▶ [Work task] In the records below, begin at the line that has "Hey everyone, it's" and stop after the line that has "Hi, this is"; quote those lines verbatim and nothing more.

++++++++++

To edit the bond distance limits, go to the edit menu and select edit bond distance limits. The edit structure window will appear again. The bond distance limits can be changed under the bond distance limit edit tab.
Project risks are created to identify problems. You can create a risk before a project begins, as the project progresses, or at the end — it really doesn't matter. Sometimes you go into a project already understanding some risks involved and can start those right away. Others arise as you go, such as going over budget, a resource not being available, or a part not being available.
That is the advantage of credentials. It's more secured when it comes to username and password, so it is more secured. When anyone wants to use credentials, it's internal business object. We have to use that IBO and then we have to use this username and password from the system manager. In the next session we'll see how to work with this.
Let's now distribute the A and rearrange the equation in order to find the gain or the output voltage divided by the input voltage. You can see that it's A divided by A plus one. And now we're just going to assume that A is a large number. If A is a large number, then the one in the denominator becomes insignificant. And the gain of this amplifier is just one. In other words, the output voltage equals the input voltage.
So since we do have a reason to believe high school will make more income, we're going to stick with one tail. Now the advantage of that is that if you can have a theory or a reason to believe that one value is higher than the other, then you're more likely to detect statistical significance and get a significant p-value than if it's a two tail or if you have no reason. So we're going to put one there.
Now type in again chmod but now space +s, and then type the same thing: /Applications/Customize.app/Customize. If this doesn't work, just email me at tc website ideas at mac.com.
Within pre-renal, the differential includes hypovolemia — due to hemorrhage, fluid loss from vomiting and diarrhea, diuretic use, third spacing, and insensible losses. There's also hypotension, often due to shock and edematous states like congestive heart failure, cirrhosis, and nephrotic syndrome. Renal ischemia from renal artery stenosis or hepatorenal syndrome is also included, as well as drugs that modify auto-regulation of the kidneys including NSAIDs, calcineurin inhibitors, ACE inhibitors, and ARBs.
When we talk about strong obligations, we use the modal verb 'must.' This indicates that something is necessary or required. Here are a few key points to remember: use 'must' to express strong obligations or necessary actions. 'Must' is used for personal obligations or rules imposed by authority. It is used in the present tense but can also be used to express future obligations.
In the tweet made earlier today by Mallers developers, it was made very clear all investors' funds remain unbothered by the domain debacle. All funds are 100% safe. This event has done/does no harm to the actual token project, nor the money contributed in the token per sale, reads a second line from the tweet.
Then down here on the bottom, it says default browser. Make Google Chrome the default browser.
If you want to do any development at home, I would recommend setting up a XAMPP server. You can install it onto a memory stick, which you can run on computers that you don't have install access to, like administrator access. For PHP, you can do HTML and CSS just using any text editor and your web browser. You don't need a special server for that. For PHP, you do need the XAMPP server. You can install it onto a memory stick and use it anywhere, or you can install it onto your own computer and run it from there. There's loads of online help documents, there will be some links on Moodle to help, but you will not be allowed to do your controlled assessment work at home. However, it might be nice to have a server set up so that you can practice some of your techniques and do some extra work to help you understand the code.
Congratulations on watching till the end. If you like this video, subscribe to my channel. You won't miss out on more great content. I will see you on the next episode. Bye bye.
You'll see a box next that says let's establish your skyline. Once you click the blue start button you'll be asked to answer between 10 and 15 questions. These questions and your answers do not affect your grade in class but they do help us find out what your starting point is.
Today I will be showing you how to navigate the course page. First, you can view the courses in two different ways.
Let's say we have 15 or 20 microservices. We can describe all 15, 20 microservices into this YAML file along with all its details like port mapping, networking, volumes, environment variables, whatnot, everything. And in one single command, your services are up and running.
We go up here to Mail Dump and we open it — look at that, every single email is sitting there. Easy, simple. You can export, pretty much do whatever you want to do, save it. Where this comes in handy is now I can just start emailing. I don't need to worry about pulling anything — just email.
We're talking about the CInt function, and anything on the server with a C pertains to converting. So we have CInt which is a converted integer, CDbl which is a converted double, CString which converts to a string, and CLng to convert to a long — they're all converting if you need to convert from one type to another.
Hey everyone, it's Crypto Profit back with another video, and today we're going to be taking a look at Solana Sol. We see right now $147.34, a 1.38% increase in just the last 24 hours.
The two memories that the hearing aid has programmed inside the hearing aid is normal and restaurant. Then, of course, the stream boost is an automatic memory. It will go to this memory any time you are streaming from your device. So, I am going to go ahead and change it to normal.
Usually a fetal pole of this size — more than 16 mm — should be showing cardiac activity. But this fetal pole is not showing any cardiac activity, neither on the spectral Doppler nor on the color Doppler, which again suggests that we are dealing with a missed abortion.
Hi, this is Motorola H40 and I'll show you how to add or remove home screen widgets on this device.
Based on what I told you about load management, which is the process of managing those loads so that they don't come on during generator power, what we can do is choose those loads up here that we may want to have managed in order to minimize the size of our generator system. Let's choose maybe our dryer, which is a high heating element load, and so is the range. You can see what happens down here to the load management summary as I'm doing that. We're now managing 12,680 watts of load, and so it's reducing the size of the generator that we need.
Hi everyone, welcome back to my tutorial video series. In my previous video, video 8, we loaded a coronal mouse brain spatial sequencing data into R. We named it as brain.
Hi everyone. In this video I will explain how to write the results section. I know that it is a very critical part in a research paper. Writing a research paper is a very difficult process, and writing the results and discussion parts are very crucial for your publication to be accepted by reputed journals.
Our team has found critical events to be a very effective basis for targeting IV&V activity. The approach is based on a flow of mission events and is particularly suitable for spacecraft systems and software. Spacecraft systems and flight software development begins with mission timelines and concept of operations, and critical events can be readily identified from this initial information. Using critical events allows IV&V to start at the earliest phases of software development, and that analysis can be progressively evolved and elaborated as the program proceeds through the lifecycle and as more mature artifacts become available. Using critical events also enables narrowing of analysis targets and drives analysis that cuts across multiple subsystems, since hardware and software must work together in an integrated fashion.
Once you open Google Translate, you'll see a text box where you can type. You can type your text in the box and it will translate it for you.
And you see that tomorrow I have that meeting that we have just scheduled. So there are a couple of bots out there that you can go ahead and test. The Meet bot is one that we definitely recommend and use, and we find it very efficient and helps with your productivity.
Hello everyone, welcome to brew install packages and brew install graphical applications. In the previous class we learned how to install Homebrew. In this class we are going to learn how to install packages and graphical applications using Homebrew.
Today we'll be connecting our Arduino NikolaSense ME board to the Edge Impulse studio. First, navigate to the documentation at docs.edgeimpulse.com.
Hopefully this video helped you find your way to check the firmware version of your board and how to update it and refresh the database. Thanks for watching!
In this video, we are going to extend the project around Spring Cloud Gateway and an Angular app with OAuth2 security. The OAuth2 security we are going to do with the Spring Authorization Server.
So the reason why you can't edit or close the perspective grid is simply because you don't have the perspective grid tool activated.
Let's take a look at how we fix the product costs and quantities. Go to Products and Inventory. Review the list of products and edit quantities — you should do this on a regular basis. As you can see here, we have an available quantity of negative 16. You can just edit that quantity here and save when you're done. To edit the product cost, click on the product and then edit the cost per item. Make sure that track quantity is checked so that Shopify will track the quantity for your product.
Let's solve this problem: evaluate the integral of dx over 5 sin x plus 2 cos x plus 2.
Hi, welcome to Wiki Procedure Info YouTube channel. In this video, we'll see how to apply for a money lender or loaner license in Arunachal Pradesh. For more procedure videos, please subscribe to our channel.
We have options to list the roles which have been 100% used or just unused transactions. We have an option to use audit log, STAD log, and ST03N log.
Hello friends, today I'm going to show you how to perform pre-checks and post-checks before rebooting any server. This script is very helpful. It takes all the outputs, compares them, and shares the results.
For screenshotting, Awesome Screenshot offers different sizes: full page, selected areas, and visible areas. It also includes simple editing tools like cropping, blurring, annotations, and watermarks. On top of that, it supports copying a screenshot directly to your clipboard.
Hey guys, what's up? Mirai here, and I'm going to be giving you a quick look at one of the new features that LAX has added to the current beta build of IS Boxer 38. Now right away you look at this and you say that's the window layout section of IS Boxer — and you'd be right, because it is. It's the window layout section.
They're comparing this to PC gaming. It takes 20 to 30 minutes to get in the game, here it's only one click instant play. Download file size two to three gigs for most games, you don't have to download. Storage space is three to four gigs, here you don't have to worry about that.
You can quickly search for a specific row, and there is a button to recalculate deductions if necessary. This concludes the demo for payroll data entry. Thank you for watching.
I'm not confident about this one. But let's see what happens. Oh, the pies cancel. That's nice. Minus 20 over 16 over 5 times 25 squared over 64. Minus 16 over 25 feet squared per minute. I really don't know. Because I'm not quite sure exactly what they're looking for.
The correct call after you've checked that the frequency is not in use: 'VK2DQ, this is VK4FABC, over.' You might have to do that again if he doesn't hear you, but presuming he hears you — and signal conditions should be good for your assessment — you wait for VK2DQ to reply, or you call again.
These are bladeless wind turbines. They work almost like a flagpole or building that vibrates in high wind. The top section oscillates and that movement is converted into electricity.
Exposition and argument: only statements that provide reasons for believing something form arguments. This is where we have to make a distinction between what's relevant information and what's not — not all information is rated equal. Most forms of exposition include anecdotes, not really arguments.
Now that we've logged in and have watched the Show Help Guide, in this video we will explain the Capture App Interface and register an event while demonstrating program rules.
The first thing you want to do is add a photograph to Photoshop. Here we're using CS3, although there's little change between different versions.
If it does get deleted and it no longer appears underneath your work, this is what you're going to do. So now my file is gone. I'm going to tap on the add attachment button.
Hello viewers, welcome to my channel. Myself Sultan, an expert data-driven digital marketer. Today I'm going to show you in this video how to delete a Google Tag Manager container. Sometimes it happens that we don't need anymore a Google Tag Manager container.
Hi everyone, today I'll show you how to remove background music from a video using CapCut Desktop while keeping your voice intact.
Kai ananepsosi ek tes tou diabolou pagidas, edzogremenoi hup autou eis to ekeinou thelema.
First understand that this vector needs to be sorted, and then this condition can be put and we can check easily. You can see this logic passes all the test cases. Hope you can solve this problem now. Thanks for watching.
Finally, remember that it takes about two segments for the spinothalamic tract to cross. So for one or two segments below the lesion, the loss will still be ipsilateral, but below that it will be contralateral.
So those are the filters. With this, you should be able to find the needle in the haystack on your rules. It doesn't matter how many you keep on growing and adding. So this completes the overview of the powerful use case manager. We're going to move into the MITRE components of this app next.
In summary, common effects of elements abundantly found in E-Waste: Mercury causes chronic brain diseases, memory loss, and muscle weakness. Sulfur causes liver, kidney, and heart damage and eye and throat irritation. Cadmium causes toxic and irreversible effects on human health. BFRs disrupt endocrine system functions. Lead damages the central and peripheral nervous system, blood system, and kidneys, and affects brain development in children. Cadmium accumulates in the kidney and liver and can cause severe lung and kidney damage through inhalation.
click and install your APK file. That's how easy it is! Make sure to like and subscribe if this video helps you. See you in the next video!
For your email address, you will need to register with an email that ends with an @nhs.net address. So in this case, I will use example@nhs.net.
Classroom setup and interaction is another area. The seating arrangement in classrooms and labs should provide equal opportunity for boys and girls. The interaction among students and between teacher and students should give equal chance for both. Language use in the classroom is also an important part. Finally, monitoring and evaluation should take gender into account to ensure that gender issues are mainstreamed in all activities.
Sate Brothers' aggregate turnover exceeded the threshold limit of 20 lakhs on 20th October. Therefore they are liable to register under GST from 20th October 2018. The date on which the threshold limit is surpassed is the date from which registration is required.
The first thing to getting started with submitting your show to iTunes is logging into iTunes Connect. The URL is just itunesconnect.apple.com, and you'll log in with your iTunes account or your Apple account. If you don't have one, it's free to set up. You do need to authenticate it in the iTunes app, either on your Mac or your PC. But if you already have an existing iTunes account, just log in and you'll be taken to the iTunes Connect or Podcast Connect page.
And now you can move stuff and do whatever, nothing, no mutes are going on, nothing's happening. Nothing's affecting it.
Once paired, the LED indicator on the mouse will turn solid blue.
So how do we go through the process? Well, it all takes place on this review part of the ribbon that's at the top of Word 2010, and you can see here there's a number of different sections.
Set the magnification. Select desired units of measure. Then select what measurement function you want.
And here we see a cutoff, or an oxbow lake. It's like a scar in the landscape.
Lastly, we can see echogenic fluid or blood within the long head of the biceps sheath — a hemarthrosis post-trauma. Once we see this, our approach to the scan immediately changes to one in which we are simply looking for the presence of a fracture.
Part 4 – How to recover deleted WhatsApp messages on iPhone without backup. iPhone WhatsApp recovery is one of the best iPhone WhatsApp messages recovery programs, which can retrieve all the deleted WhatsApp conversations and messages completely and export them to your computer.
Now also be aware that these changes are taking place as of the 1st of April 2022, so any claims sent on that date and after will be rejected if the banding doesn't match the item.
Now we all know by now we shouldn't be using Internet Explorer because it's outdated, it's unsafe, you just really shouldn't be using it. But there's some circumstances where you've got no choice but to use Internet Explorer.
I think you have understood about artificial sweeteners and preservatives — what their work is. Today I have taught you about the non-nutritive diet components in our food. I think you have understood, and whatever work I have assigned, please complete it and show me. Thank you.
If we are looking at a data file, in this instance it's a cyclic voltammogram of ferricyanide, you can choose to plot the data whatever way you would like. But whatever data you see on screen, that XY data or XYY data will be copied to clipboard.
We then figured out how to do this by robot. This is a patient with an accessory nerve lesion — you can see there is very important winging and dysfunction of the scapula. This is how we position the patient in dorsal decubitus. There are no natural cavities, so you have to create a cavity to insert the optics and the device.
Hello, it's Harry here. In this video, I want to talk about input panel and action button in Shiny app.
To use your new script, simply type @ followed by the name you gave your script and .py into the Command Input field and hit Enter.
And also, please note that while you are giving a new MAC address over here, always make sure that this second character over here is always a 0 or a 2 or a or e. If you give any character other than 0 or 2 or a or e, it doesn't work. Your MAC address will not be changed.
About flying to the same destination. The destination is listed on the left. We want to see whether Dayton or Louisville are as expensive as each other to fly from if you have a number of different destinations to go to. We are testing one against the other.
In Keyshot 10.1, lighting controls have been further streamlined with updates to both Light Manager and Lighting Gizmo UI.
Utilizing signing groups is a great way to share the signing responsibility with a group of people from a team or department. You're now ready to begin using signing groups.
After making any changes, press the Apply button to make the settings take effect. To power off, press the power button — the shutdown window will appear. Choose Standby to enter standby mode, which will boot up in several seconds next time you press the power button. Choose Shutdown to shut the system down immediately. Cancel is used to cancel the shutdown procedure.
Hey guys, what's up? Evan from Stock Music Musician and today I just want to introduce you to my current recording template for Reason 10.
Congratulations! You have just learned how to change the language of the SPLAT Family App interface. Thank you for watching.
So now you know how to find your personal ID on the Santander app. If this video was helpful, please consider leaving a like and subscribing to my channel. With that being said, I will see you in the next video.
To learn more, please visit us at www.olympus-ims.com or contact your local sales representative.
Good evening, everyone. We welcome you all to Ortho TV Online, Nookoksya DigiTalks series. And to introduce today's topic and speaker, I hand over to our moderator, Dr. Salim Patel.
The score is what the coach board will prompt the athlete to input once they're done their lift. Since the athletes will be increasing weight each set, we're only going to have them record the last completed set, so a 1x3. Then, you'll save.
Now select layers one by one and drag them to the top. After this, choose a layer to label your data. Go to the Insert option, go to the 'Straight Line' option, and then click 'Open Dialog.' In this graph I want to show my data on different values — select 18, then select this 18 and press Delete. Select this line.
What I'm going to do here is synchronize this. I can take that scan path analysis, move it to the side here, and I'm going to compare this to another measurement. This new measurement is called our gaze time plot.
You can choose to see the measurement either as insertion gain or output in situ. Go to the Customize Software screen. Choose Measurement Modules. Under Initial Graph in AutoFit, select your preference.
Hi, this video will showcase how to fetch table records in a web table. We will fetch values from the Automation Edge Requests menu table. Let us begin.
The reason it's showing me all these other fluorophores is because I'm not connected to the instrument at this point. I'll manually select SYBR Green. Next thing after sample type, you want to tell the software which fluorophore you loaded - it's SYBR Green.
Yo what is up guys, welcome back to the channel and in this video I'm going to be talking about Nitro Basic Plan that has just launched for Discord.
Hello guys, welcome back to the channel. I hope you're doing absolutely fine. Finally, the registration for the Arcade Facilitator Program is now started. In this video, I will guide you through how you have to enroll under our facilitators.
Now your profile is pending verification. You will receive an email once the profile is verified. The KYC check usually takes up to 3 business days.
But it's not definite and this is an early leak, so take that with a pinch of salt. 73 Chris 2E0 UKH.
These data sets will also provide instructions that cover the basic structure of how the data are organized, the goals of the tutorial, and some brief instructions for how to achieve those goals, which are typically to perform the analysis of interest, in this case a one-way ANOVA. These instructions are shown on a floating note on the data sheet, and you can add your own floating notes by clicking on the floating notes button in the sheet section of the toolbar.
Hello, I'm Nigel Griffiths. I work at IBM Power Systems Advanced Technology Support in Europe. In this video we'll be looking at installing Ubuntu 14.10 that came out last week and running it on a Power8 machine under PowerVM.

++++++++++

▶ [Written answer]
Hey everyone, it's Crypto Profit back with another video, and today we're going to be taking a look at Solana Sol. We see right now $147.34, a 1.38% increase in just the last 24 hours.
The two memories that the hearing aid has programmed inside the hearing aid is normal and restaurant. Then, of course, the stream boost is an automatic memory. It will go to this memory any time you are streaming from your device. So, I am going to go ahead and change it to normal.
Usually a fetal pole of this size — more than 16 mm — should be showing cardiac activity. But this fetal pole is not showing any cardiac activity, neither on the spectral Doppler nor on the color Doppler, which again suggests that we are dealing with a missed abortion.
Hi, this is Motorola H40 and I'll show you how to add or remove home screen widgets on this device.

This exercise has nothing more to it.